After driving leisurely for about an hour, we entered the final junction into Serikin amidst verdant greenery and scenic limestone hills outcrops. In fact we just passed by the junctions to two of Kuching's popular attractions, the Wind Caves and the Fairy Caves less than half an hour drive away (but thats another story altogether).
Finally, we arrived at Serikin town. It was about 9.20 am. We had to queue up for almost 20 minutes just to enter the car parks with touts guarding the entrance, we paid the extortion, RM3.00 to them (just for peace of mind!). There were so many cars, easily in the hundreds and a I counted at least 12 big tour buses, and the place was all filled up haphazardly as there was no lines drawn on the ground, which is nothing more than a huge rough patch of open ground with patches of muddy puddles here and there. But like it or not we had to park here as parking elsewhere may end you up with a puncture tyre or a dented car. Finally we found a nice shade space which the previous occupant just vacated.
It was still considered early in the morning of a Saturday, the crowd was already streaming in. There was a carnival atmosphere as the crowd milled around the town and the "main street", which consist of two rows of wooden sheds/shops facing each other stretching for several hundred metres. The are sides lanes radiating from this "main street" lined with similar sheds or shops thus forming a mazed network of shopping lanes. I must say the ladies were like kids in a candy store.

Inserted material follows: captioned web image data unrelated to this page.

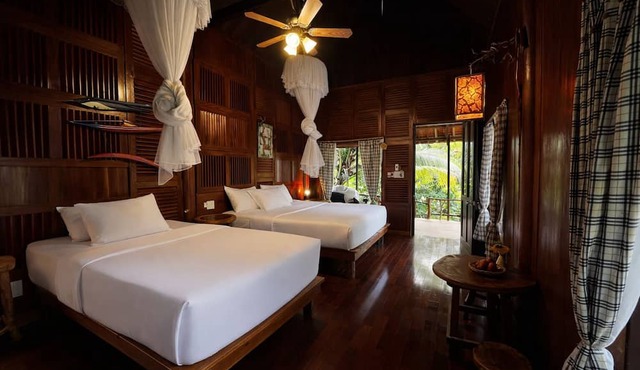 Mekong Silt Ecolodge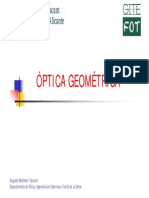 Optica geométrica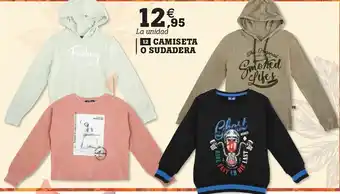 E.Leclerc Camiseta o Sudadera oferta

There must have been several hundred shops and sheds here in all, and selling all manners of goods. Textiles and clothings shops are the majority here. The Indonesian kebayas and sarongs are selling at half the price one would have to pay in Kuching city area. For example, a complete set of kebaya with blouse and sarong and selendang (shawl) of very good quality sell for only about RM50.00! Sarong is about RM10.00 per piece.
There are shops selling curtains, carpets, t-shirt, pants, rattan furnitures, kitchen utensils, trinkets, fake Louis Vuitton handbags, replicas Rolex watches, antiques, fruits, foods, drink, "snake medicine" and I even saw a stall selling live leech ("can cure some skin disorders"). Some shops were so crowded I couldnt even enter! Bargaining is order of the day, and if you do not bargain, the vendors may think you are from another planet.
As the weather was hot and humid, I feel it is better to go earlier in the morning, say, leaving Kuching about 6.30am and arriving about 8.00 am, it would be cooler before the heat of the day make you sweat. Most of the traders there are Indonesians who had crossed over from the border bringing along their merchandise and had to haul back the unsold goods at the end of the day. But over time, I believe they have already rent some "store" here to save the hassle of transportation.
Finally, after an hour or so of shopping, sarongs kebayas, we quickly retreated to the shade of a coffee shop for some drinks. Watching as cars and busload of people continued to arrive. If not for the heat of the day, we would have stayed longer to hunt for more bargains. At 11.00 the ladies couldnt stand the heat anymore and rushed to comfort of our air-con car.
10 minutes out of Serikin is an interesting market stop selling jungles produces, vegetables and fruits. We stopped, as did scores of other cars and buses, for a look-see and tooked heaps of photos too. There was a lady selling live sago worms, wriggling disgustingly (to the ladies) and delightfully (to me), I took some photos and video shoot for all to enjoy!